Dracula Review – Besson’s Love-Struck Reimagining of the Gothic Classic is Outlandish but Entertaining
Maybe there is no great enthusiasm for a fresh take of Dracula from Luc Besson, the French maestro for stylish excess. Still, it has to be said: his richly designed vampire romance has ambition and panache – and in all its Hammer-y cheesiness, I’m not sure I wouldn’t prefer compared with the recent, stately interpretation by Robert Eggers of Nosferatu. There are some very bizarre touches, like a particular moment that appears to show a land border between France and Romania.
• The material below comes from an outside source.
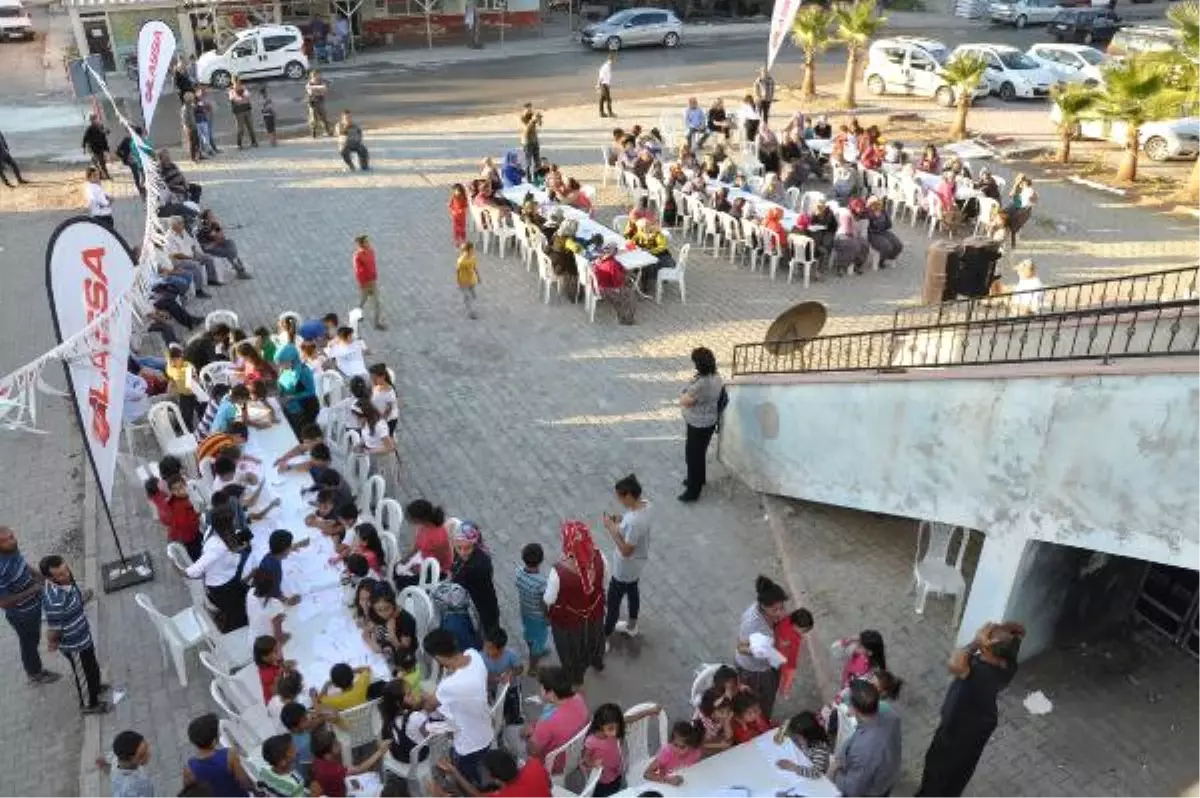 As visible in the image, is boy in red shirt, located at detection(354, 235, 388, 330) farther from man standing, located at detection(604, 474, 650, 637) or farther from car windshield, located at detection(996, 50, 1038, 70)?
car windshield, located at detection(996, 50, 1038, 70)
Christoph Waltz as a Witty Yet Careworn Vampire-Hunting Priest
Christoph Waltz plays a clever but beleaguered vampire-hunting priest – I can’t believe he hasn’t played this role before – who ends up in Paris in 1889 to mark the 100th anniversary of the French Revolution. Likewise present is the evil Count Dracula, played by the seasoned horror actor Caleb Landry Jones using a distorted Eastern European tone similar to Carell’s Gru character in the Despicable Me films. It’s a role that he too was born to take on.
The Story: A Saga of Heartbreak
Here’s the premise: Dracula has wandered endlessly the globe in torment for hundreds of years since he became undead, a punishment for his irreligious grief after the passing of his beloved Elisabeta (a first film part for Zoë Bleu, Rosanna Arquette’s child). Dracula has sought relentlessly for a lady who might be the rebirth of his lost love. By cruel fate, the lucky lady is revealed as Mina (portrayed once more by Bleu), the modest betrothed of Dracula’s feeble property handler, Jonathan Harker (played by Ewens Abid), who lately visited to the count’s castle to discuss his land assets and whose miniature portrait of the winsome Mina caught the count’s hooded eye.
Besson’s Handling and Humorous Style
Besson organizes Dracula’s middle-section history of global roaming in various outrageous costumes with a sure hand, and he doesn’t shy away from giving us some comedy moments with a distinctly Mel Brooks flavour – for example the vampire’s constant unsuccessful tries to end his own life post-Elisabeta’s demise, along with comical sequences that follow Dracula applies to himself in a certain perfume in 18th-century Florence, which causes him to be irresistible to women. Ridiculous and watchable.
Dracula can be streamed online from 1 December and on DVD and Blu-ray from December 22nd. It plays in Australian cinemas from 5 February 2026.